Our cave surveying procedure involves coming out of
the cave with a damp waterproof notepad covered in mud on
which we have scribbled our measurements and a few
diagrams.
What we tend to do is copy the notes from the paper
neatly into a book, dry off the paper, stick it in an
envelope and staple the envelope to the same page of the book
(so we can verify suspicions of bad handwriting and so forth).
Survex has the advantage in that you can copy the text
of the book into an ascii file exactly as it is and
it will parse it. Survex has several commands which
set the mode so it can read whatever ridiculous out-of-order
(eg compass and clino the wrong way round, things spread over
two lines, or previous survey station assumed to be the next
survey station) method that you write your data down in in
the cave.
This proves that the conversion from your ascii notes
convention to any XML format can be done automatically; there
will be no point in converting them into XML by hand or --
more nuttily -- doing your original survey notes in the
cave in XML.
What I would propose is that the text in the survey notebook
is copied out character for character into a text window.
Then, using whatever parser you have for the job (eg the
general purpose Survex one set to the correct mode),
you convert this into an XML file containing all the weird
<shot></shot> commands and so forth, but you still store the
original source data in the file too inside one of the
following XML constructs (which works like a <pre></pre>
in html):
<source_survey form="SurvexStandard1999">
<![CDATA[
; survey text copied from the paper.
*units metres
A B 10 10 9
]]>
</source_survey>
--- followed by, perhaps,
<stations>
<station name="A"></station>
<station name="B"></station>
</stations>
<shots>
<shot from="A", to="B", tape="10", compass="10", clino="9"></shot>
</shots>
This text (in the CDATA[]), being a faithful representation of your notes
from the cave, will not change unless there has been a transcription
error or other blunder.
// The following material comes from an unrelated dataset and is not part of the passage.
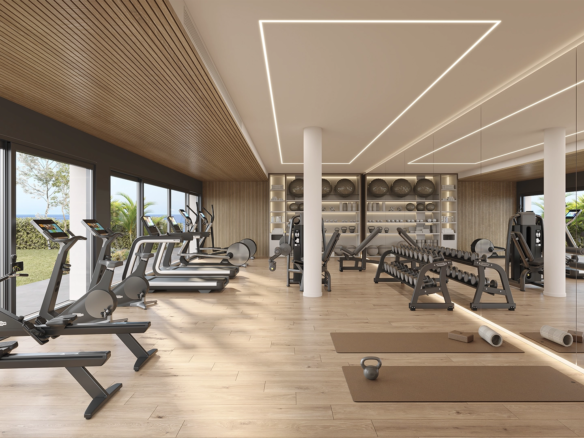 Alura Living gym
After you have run your Survex parser and
extracted the data into XML notation you could delete it and
carry on without it. However, aside from trying to comply with
the dogma that one must Never Represent the Same Data Twice
Because it Might Clash, I would claim that nothing is really
gained by throwing it away. It is in fact serving the purpose of those
little envelopes of dried out notes you staple into your neat survey
book. In that form it is easy to compare and check for transcription
errors. And everyone can keep to their own quirky notational
habits without losing anything.
Julian Todd.